Created attachment 1434299 [details] pod logs Description of problem: When I turn on embedded ansible in podified appliance, embedded ansible pod gets deployed but setup scripts don't start in it. setup log file is also absent. It hangs in such state until it gets restarted by openshift (readiness/liveness probes) or app pod. It seems this issue appeared after fix of https://bugzilla.redhat.com/show_bug.cgi?id=1575071 Version-Release number of selected component (if applicable): 5.9.2.4 How reproducible: 100% but only for first time Steps to Reproduce: 1. deploy podified appliance 2. open appliance UI 3. open Configuration->Server->Server Control, turn on Embedded Ansible and save changes 4. go to openshift project where podified appliance is deployed and pay attention to ansible pod deployment Actual results: Ansible pod deployment is started. however, it doesn't become ready for long time. when pod gets redeployed after timeout, it becomes ready. All this process takes 10-15 min to get ansible ready. Embedded ansible pod gets deployed well and on time if embedded ansible is turned off and on. Expected results: correct deployment of ansible pod Additional info: app pod logs are attached.

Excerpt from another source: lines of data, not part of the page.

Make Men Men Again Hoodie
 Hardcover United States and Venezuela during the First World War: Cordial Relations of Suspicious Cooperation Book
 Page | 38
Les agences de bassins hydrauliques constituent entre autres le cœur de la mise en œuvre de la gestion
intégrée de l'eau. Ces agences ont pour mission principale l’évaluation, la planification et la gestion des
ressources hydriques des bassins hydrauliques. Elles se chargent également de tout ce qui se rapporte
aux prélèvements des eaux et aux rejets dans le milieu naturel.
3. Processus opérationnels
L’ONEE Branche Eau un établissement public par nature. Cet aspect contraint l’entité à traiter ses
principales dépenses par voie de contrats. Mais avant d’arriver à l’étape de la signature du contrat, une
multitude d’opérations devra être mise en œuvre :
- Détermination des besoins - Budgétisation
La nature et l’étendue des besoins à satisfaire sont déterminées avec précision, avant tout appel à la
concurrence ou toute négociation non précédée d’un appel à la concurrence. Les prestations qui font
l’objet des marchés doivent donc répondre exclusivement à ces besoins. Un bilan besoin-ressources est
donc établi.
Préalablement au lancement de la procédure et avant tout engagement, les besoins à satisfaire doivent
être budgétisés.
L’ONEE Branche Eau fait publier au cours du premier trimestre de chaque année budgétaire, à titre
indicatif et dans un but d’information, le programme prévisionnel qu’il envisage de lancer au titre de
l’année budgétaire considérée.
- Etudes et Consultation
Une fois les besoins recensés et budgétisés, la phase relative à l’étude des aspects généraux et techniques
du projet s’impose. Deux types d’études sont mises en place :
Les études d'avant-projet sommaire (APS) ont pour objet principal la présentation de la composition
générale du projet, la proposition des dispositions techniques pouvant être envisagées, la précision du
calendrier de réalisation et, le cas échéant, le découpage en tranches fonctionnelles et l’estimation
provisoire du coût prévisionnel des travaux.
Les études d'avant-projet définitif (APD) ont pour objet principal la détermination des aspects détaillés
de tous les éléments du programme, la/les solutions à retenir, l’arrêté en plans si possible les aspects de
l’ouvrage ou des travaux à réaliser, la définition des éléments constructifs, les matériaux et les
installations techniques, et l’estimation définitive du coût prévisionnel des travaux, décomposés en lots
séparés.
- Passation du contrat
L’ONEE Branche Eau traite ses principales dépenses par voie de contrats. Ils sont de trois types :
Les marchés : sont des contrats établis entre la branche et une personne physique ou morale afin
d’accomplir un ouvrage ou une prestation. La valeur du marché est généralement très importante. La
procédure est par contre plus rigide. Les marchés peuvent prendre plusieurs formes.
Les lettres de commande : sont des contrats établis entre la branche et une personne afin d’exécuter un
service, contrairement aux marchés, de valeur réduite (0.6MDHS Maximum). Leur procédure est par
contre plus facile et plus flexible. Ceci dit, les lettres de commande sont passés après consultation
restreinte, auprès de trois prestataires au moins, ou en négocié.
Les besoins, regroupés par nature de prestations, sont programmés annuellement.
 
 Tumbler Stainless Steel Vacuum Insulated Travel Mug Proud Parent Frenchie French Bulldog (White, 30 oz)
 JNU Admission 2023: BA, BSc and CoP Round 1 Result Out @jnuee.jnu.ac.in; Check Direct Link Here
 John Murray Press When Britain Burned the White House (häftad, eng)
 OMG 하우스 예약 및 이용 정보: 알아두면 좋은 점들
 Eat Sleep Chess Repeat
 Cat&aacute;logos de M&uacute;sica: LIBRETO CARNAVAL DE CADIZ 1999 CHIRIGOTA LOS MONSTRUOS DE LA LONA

I'm not actually sure this is an issue. At startup the embedded ansible pod has to migrate its database which can take a long time. The timing of this is heavily dependent on environment and latency to the database pod so I could see this behavior happening if the database were deployed on a separate node from the embedded ansible pod. How long is it before the initial pod is rescheduled? Maybe we can change that timeout value.
Nick, I use empty openshift env. So, there is no heavy load which may influence pod deployment. DB is deployed on the same node with the rest of appliance pods. And I anyway have pod deployment restarted. I do agree that the issue is in readiness/liveness probs if there is no timeout check from app pod. So, I believe we have to correct timeout values.
As a fix for this I'm going to remove the health checks from the embedded ansible deployment config and introduce a timeout into the setup time that we can increase. We already do health checking in the EmbeddedAnsibleWorker so adding the checks in OpenShift was really overkill in this case. Unfortunately, this won't really be something that we can backport to 5.9 because we are actually relying on the OpenShift health checks in that version. If this "fix" needs to be backported we'll have to investigate if we can increase the readiness/liveness initial timeouts.
https://github.com/ManageIQ/manageiq/pull/17603
the issue is still present in 5.10.0.1. ansible deploy pod fails because ansible pod doesn't get ready on time. As a result I have to redeploy pod manually.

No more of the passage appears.